A complete street is a road designed to be safe for drivers of all types of vehicles including bicyclists, and pedestrians of all ages and abilities, according to a book on the subject authored by LaPlante and Barbara McCann.
The complete streets concept focuses not just on individual roads, but on changing the decision-making and design process so that all users are routinely considered during the planning, designing, building and operating all roadways. Transportation projects typically begin with an automobile-oriented problem, according to LaPlante.
Speed is one of the major components of safe traffic. Maintain a target speed that’s safest for the roadway by designing streets and timing traffic lights to get vehicles to go the speed you want them to travel, he explained.
For example, design streets with 10-foot traffic lanes not 12-foot lanes to allow for safe bicycle traffic in special lanes designed for them. The best place for bikes is on streets designed for them, making it part of the transportation system, LaPlante said.

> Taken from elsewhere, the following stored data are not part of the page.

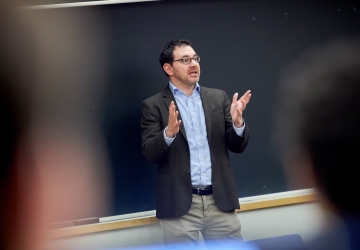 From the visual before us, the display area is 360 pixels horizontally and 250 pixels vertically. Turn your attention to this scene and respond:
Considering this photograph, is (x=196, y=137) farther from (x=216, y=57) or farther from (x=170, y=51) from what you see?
(x=216, y=57)

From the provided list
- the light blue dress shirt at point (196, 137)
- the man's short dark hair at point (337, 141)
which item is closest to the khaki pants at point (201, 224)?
the light blue dress shirt at point (196, 137)

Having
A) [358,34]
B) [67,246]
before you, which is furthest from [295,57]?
[67,246]

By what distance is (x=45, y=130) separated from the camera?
2209 mm

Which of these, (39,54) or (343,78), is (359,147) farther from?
(39,54)

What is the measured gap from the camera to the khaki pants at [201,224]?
1972 millimetres

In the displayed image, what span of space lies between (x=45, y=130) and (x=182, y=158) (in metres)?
0.77

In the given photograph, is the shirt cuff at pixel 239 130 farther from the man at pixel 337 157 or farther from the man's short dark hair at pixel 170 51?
the man at pixel 337 157

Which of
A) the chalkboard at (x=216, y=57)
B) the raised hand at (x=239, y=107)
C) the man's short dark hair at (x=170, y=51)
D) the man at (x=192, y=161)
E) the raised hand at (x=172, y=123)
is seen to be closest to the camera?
the raised hand at (x=172, y=123)

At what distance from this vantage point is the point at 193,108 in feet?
6.75

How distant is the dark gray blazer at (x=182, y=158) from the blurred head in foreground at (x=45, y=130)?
0.43 m

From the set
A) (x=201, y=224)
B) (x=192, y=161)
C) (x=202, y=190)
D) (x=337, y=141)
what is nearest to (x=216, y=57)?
(x=192, y=161)

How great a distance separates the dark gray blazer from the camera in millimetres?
1955

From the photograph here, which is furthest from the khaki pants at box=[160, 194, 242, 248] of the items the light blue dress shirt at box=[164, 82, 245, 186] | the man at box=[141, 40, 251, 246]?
the light blue dress shirt at box=[164, 82, 245, 186]

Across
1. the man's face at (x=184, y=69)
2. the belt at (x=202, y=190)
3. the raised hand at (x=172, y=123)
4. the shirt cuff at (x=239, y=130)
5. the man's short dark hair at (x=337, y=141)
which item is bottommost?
the belt at (x=202, y=190) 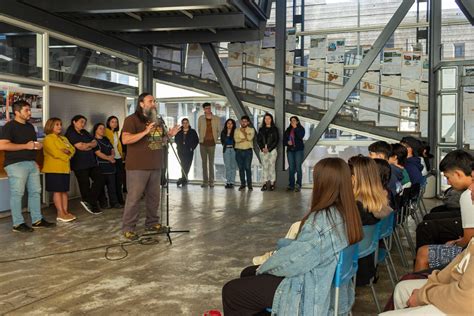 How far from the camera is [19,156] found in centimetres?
516

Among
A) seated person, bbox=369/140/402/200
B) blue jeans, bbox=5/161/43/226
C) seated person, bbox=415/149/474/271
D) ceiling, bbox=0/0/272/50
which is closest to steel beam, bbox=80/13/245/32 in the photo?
ceiling, bbox=0/0/272/50

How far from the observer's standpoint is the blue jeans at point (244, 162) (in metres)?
9.53

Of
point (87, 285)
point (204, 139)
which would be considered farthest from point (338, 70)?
point (87, 285)

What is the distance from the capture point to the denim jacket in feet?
6.84

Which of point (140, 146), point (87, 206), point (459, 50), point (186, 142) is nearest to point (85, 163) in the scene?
point (87, 206)

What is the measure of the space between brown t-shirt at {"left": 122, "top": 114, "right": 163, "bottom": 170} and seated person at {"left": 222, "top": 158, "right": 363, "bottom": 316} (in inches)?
109

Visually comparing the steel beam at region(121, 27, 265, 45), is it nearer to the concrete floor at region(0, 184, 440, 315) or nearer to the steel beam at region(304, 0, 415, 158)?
the steel beam at region(304, 0, 415, 158)

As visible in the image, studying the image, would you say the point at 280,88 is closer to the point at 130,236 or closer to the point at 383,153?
the point at 383,153

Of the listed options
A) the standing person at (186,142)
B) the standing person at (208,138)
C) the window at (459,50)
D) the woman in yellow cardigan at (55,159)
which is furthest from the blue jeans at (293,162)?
the woman in yellow cardigan at (55,159)

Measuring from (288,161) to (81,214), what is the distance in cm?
438

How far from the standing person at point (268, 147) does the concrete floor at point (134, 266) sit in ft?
9.15

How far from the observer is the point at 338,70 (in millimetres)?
10164

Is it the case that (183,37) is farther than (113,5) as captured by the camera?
Yes

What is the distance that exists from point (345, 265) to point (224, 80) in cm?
792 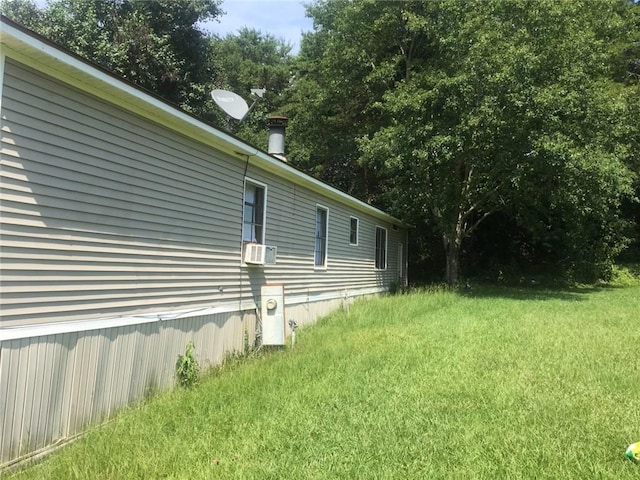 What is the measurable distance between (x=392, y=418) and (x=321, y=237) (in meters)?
7.54

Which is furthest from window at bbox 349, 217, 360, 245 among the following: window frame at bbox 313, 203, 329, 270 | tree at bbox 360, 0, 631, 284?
tree at bbox 360, 0, 631, 284

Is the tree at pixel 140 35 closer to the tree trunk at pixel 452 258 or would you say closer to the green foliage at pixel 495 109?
the green foliage at pixel 495 109

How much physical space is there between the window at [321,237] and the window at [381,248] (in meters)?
5.23

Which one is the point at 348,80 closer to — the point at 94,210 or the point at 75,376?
the point at 94,210

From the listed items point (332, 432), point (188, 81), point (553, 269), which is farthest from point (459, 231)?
point (332, 432)

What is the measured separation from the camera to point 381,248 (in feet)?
57.2

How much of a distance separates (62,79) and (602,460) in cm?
510

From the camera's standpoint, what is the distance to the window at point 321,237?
11422 millimetres

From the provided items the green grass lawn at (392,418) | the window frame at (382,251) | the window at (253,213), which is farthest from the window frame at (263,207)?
the window frame at (382,251)

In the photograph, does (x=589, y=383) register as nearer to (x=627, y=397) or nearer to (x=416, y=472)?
(x=627, y=397)

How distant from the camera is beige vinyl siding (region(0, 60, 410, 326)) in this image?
4035 mm

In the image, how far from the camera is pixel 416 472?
3.29 meters

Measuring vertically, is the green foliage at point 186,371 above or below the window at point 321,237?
below

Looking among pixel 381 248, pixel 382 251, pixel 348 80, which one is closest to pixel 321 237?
pixel 381 248
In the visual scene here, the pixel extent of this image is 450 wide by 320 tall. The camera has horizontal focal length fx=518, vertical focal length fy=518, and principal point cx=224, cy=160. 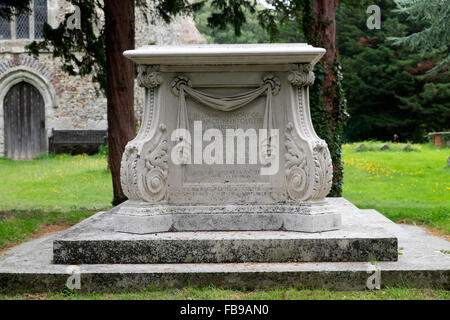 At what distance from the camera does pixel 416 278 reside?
4242 millimetres

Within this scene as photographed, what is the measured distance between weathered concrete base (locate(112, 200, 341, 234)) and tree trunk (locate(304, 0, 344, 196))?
438 cm

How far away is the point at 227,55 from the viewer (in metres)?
4.91

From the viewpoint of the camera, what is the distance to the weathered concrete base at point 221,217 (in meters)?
4.95

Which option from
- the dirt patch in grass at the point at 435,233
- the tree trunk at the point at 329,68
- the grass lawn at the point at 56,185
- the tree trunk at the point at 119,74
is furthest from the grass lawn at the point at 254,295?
the grass lawn at the point at 56,185

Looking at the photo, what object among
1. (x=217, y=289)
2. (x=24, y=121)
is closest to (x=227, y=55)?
(x=217, y=289)

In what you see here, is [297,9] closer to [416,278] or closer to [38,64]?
[416,278]

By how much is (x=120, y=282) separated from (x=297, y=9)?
7.94 m

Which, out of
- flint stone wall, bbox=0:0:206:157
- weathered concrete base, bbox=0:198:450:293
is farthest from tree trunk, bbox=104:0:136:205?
flint stone wall, bbox=0:0:206:157

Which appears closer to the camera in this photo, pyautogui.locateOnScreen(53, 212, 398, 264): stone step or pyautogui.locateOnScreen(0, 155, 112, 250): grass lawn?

“The complete streets concept is about more than allocation of street space,” he said.
Chicago is ahead of the curve earning a silver rating (second highest) for bicycle traffic with 100 miles of bicycle lanes on streets and another 100 miles of bike paths including a 20-mile trail along the lakefront and river, said LaPlante, who served the City of Chicago for 30 years in various transportation positions including chief traffic engineer and acting commissioner of the Department of Transportation.
“We need to get Toledo and the surrounding communities involved in it,” he said.
LaPlante has been involved in several national committees that have addressed the issues of bicycle travel and safety. He has prepared bicycle plans for a number of Midwest cities and has taught courses in bicycle facility design in Michigan, Minnesota and Wisconsin.
The Transportation Summit will include a morning panel discussion addressing road reconstruction alternatives for stretching dollars moderated by Robin Whitney, commissioner of the City of Toledo Division of Engineering Services. That discussion will be followed by LaPlante’s presentation.
After lunch, Todd Audet, deputy director of Ohio Department of Transportation District 2, is scheduled to present the keynote address titled, “Transportation Looking Forward.”
The Transportation Summit is a forum for discussing the transportation of goods and people in Northwest Ohio and Southeast Michigan, according to TMACOG officials.
Transportation planners, community leaders, engineers, economic development professionals and contractors interested in regional transportation are expected to participate in the annual event.
Professional engineers attending the event will qualify for Certified Professional Development credits and certified planners will be eligible for Certification Maintenance credits.